RcGNF: R Wrapper for causal-Graphical Normalizing Flows

About RcGNF

RcGNF is the R package wrapper for causal-Graphical Normalizing Flows (cGNF), a deep learning-based tool designed to answer causal questions using normalizing flows. It builds upon Graphical Normalizing Flows (GNFs) and Unconstrained Monotonic Neural Networks (UMNNs), with a focus on causality within a Directed Acyclic Graph (DAG) framework.
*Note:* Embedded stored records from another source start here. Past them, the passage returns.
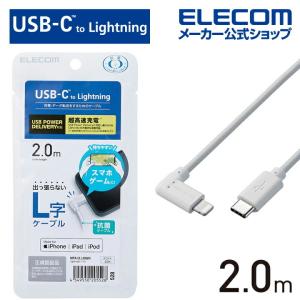 エレコム USB Type-C - Lightning ケーブル L型 Lightningケーブル タイプC - ライトニングケーブル USB Power Delivery対応 ホワイト┃MPA-CLL20WH｜elecom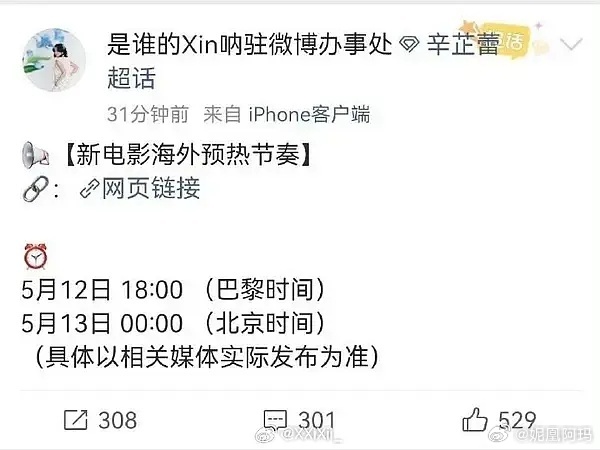 辛芷蕾回应网传项目我怎么记得前段时间不是上过热搜吗，现在又说是前期的意向，是被扒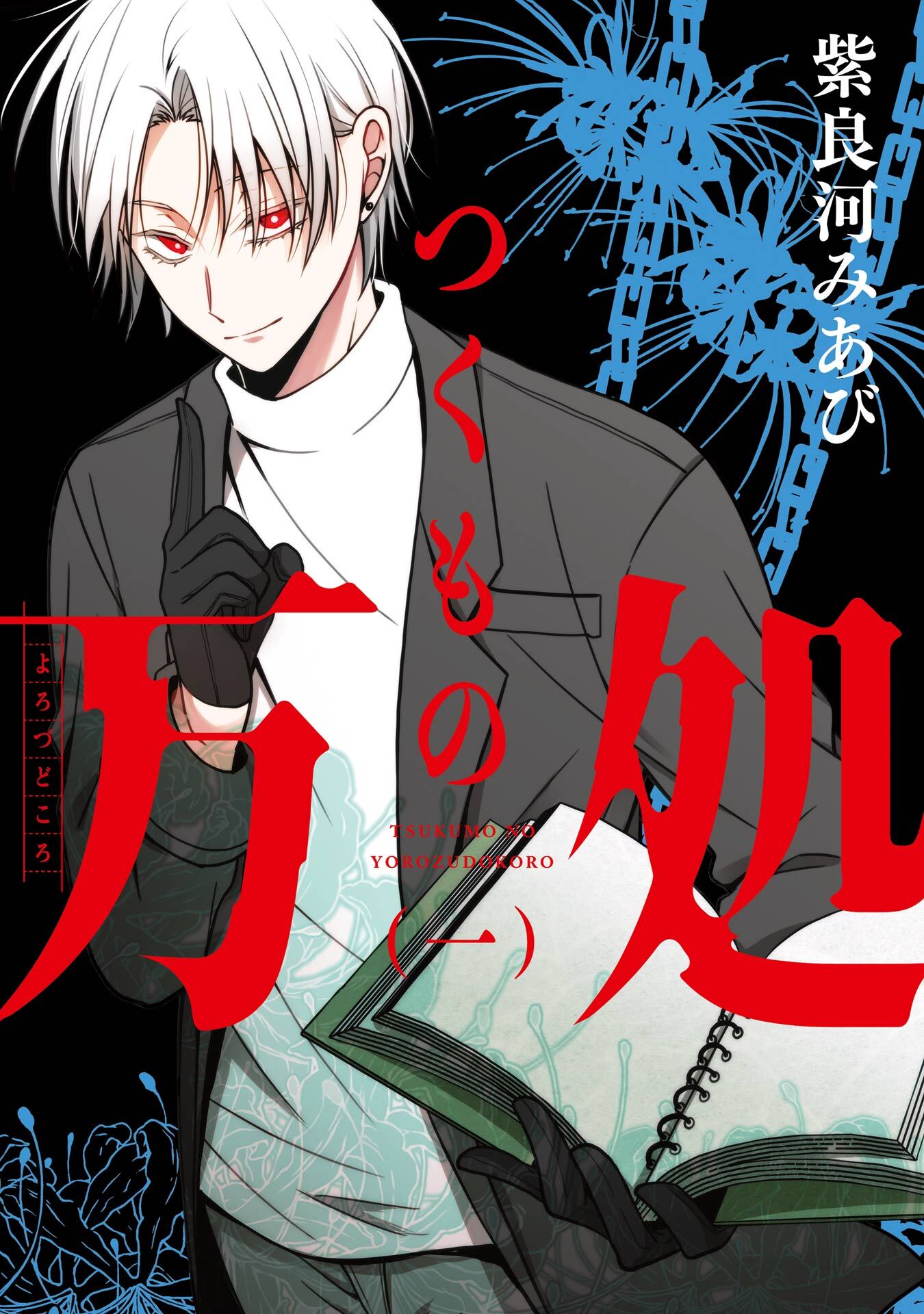 つくもの万処 1巻【無料お試し版】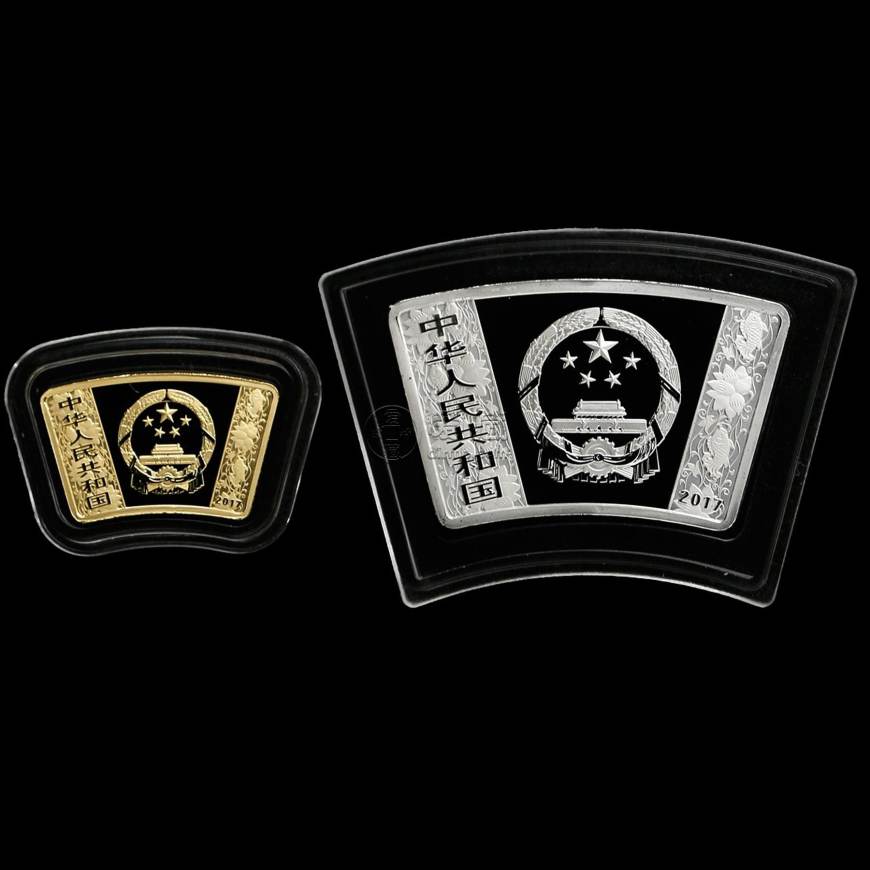 第二轮生肖扇形金银币价格值多少钱？第二轮生肖扇形金银币市场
RcGNF allows R users to integrate the advanced capabilities of cGNF into their data analysis workflows seamlessly.

User Guide

This guide will help you install and utilize RcGNF within an R environment.

Tutorial Contents

Setting up RcGNF
Setting up a Dataset
- Preparing a Data Frame
- Specifying a Directed Acyclic Graph (DAG)
Training a Model
Coding Tutorials with Simulated Data

Setting up RcGNF

Install R:

Ensure you have the latest version of R installed on your system.
Install Python:

RcGNF requires Python 3.9. Ensure you have Python 3.9 installed, other versions may not be compatible with the dependencies for cGNF:
- Download Python 3.9.13
During the installation, make sure to tick the option Add Python to PATH to ensure Python is accessible from the command line.
Install RcGNF:

In R or RStudio, install the RcGNF package using the following command:
```
devtools::install_github("cGNF-Dev/RcGNF")
```
If you encounter the error message Python installation not found in common locations. Please set the RCGNF_PYTHON_PATH environment variable to your Python installation and reload the package, proceed as follows:
1. Find the Python path by typing which python (macOS/Linux) or where python (Windows) in the terminal or Command Prompt.
2. Set the RCGNF_PYTHON_PATH environment variable in R or RStudio:
```
Sys.setenv(RCGNF_PYTHON_PATH = "/your/python/path")
```
1. Reinstall the RcGNF package.
Load RcGNF:

Once installed, load the package using:
```
library(RcGNF)
```
Note for Windows Users:
- Currently, the RcGNF package is only functional within RStudio on Windows environments. Running it directly in R may lead to errors. We recommend using RStudio for a seamless experience with RcGNF on Windows.

Setting up a Dataset

Preparing a Data Frame

Ensure your data frame is stored in CSV format with the first row set as variable names and subsequent rows as values. An example structure:

X	Y	Z
-0.673503	0.86791503	-0.673503
0.7082311	-0.8327477	0.7082311
...	...	...

Note: any row with at least one missing value will be automatically removed during the data preprocessing stage (see Training a Model).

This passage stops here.